Although Dr Buchanan’s dismissal has been held to be unjustified, the Authority has declined to reinstate him, saying that it was not practicable for the university to employ Dr Buchanan in a role where he has failed to demonstrate a fundamental awareness of how his own actions and conduct impact upon those he works with and teaches. Also taken into account were the publicly critical comments of the university made by Dr Buchanan following his dismissal. He was awarded $51,000 in lost wages and $15,000 for hurt and humiliation.
Association of University Staff deputy secretary, Marty Braithwaite, said that reinstatement was the primary remedy where unjustified dismissal had been established and the effect of dismissal on Dr Buchanan had been particularly profound. “Given that the dismissal has effectively ended Dr Buchanan’s academic career in New Zealand, we will be considering appealing that part of the decision,” he said.

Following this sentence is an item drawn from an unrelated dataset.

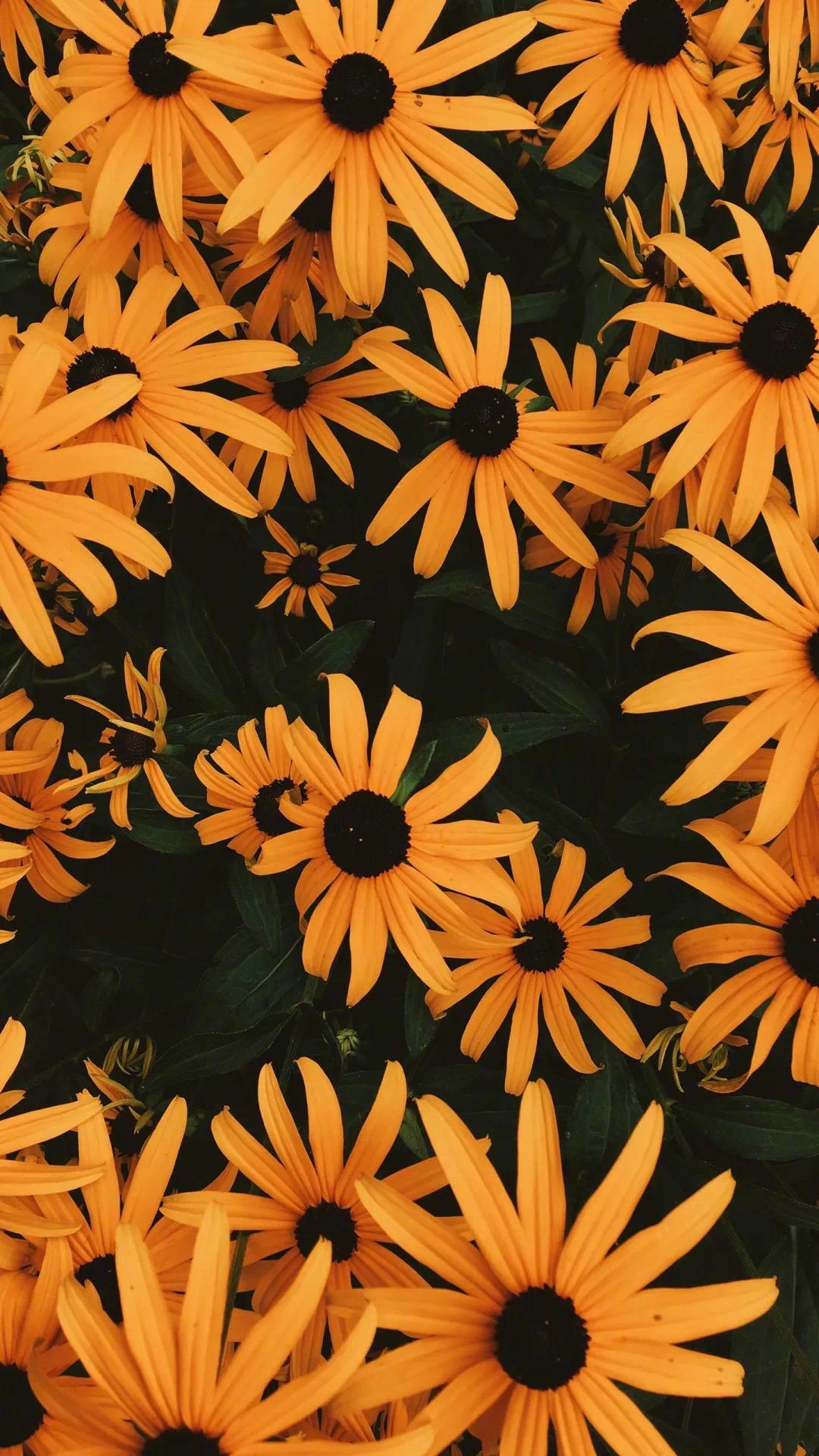 有哪些好看到爆的橙色系壁纸?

The Employment Relations Authority determination can be found at:
Tertiary Update this week
1. “Raft of flaws” in proposed Canterbury closure
2. AUS welcomes breastfeeding action
3. TEC funding for innovation
4. Unit-standard degree knocked back
5. Financial strains in South Africa
6. “Education passports” on the way
7. Marking as easy as ABC
8. Watch out for the “Flutie effect”
“Raft of flaws” in proposed
American studies staff at the University of Canterbury have identified “a raft of flaws” in both the academic arguments and business case put forward by the university in support of its proposal to close that programme as well as theatre and film studies. At the same time, they say that the change proposal lacks an adequate understanding of interdisciplinary scholarship and teaching in the humanities and social sciences today.
The staff add that the university’s proposal grossly overstates the potential financial savings from the closure and grossly understates its potential financial risks and losses. “American studies enrolments have in fact steadily increased at the University of Canterbury since 2006,” says Dr Jessica Johnston, a recent programme coordinator. “Moreover, the change proposal’s claim that the American studies programme is overstaffed is based in part on calculations that erroneously include a former staff member who died in 2005.”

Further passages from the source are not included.